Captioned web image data
------------------------------
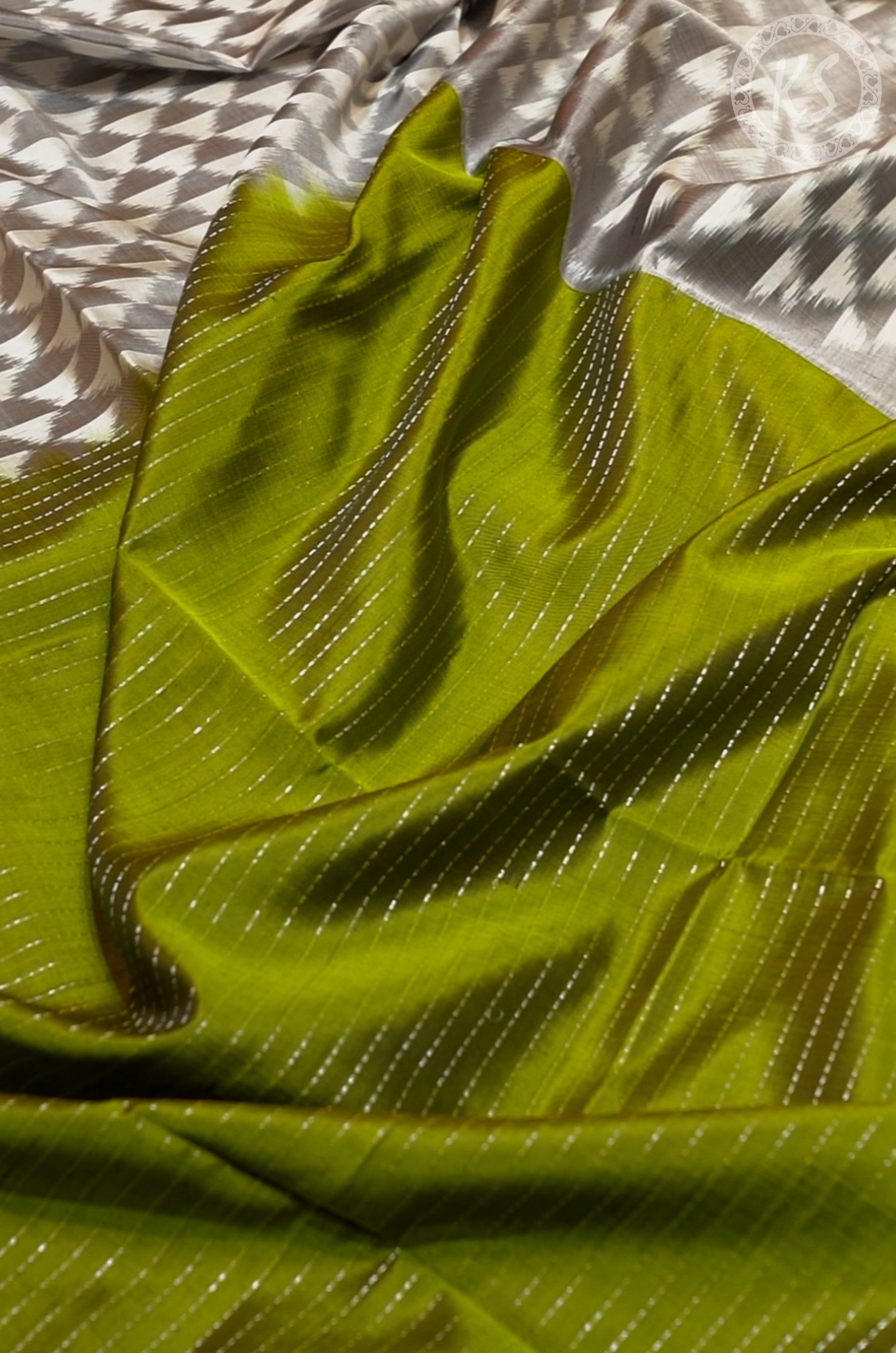 Olive Green Stripe Soft Silk Saree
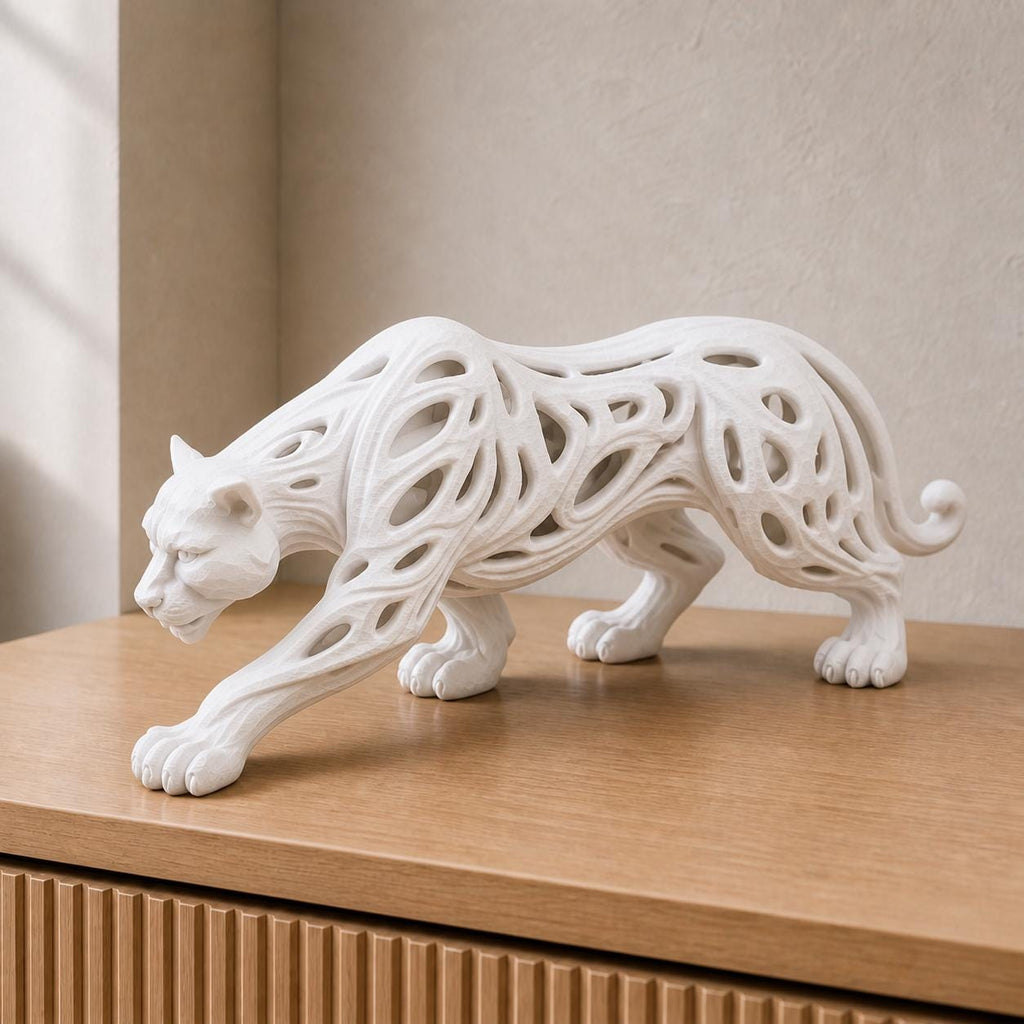 Abstrakter Panther – moderne Raubkatzen-Skulptur | handbemalt | Made in Germany FehnFactory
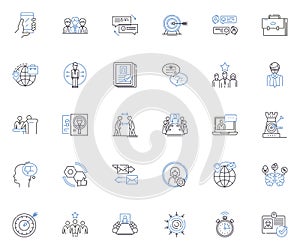 Scrum methodology line icons collection. Sprint, Agile, Backlog, Daily, Retrospective, Planning, Stand-up vector and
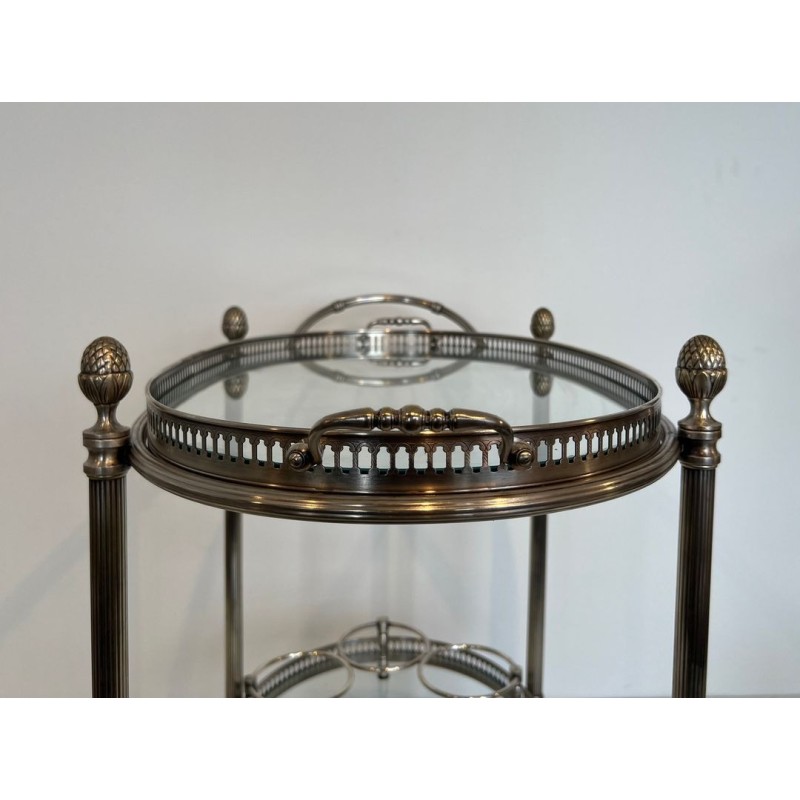 Oval Silvered Brass Drinks Trolley by Maison Bagués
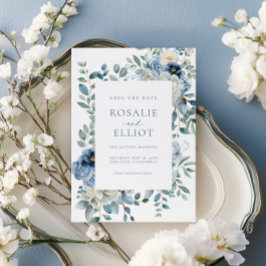Dusty Blue Floral Save the Date Boho Bewaar de dat Kaart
------------------------------
Starting at the line that contains "Scrum methodology line", retype each line through the end of the data exactly, and leave out every picture.

> [REPLY]
 Scrum methodology line icons collection. Sprint, Agile, Backlog, Daily, Retrospective, Planning, Stand-up vector and
 Oval Silvered Brass Drinks Trolley by Maison Bagués
Dusty Blue Floral Save the Date Boho Bewaar de dat Kaart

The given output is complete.